Die Schlichtungsstelle der Gemeinde Wien (Magistratisches Bezirksamt für den ***** Bezirk) gab dem Sachantrag mit Bescheid vom 10.9.1992 statt. Die betreffende Entscheidung wurde dem Antragsgegner am 1.10.
1992 zugestellt, der daraufhin mit Schriftsatz vom 15.10.1992 das
Gericht anrief. Nach der Aktenlage wurde dieses Schriftstück am
15.10.1992 zur Post gegeben und langte - ohne Beilagen - beim
Erstgericht am 16.10.1992 ein; auf der noch vorhandenen Fotokopie der
Eingabe ist die Rückstellung (des Originals) an den Vertreter des
Antragsgegners zur Verbesserung "i.S. § 40 (3) MRG" verfügt. Ein
Abfertigungsvermerk zu dieser Verfügung fehlt, doch befindet sich ein
Rückschein im Akt, der die Übernahme eines Schriftstückes "GZ 7 Msch
31/92 Org z Vb zr" durch eine Arbeitnehmerin des
Antragsgegnervertreters bestätigt.
Mit Beschluß vom 3.3.1993 wies das Erstgericht die Anrufung des Gerichtes durch den Antragsgegner gegen die bereits erwähnte Entscheidung der Schlichtungsstelle als verspätet zurück, weil der Antragsgegner dem Verbesserungsauftrag innerhalb der ihm gesetzten 14-tägigen Frist nicht entsprochen habe.
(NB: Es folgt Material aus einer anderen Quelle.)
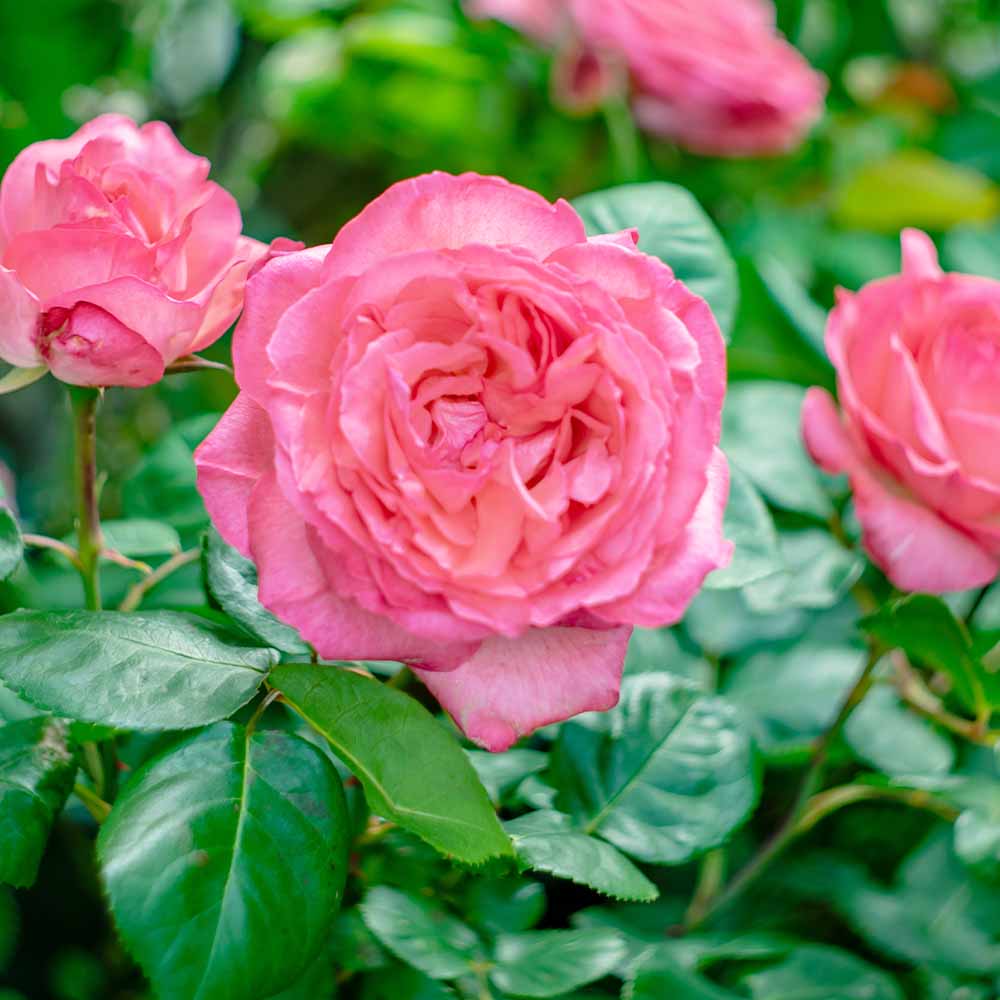 薔薇 ピンク パンサー 接木 【花木苗 4号／1個売り】｜ 【植物の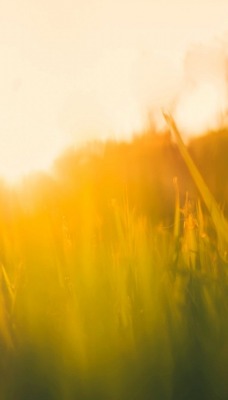 природа солнечный свет трава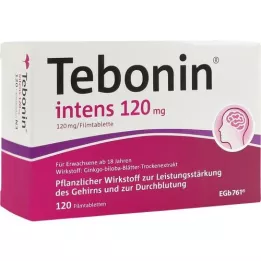 TEBONIN intens 120 mg comprimés pelliculés, 120 pc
Der dagegen vom Antragsgegner erhobene Rekurs blieb erfolglos. Das Gericht zweiter Instanz bestätigte die Zurückweisung der Anrufung des Gerichtes aus folgenden Erwägungen:
Die Ausführungen des Antragsgegners, wonach ihm niemals ein Verbesserungsauftrag erteilt worden sei, stünden im Widerspruch zur Aktenlage. Aus einem Aktenvermerk des Erstrichters vom 15.2.1994 (AS 43) ergebe sich nämlich, daß die Anrufung des Erstgerichtes durch den Antragsgegner mittels Fernkopie erfolgt sei, die seinem Vertreter im Original zur Verbesserung binnen 14 Tagen durch Unterfertigung
zurückgestellt worden sei. Versehentlich habe man - was zweckmäßig,
aber nicht zwingend erforderlich gewesen wäre - keine Kopie dieses Antrages für den Akt angefertigt. Der Aktenvermerk stehe im Einklang mit dem an ON 1 gehefteten Zustellnachweis sowie mit dem dazugehörigen (undatierten) Aktenvermerk, wonach der am 16.10.1993 (richtig: 1992) eingelangte "Originalantrag" dem Antragsgegnervertreter zur Verbesserung zurückgestellt worden sei; die Zustellung dieses Verbesserungsauftrages sei am 29.10.1993 (richtig: 1992) erfolgt.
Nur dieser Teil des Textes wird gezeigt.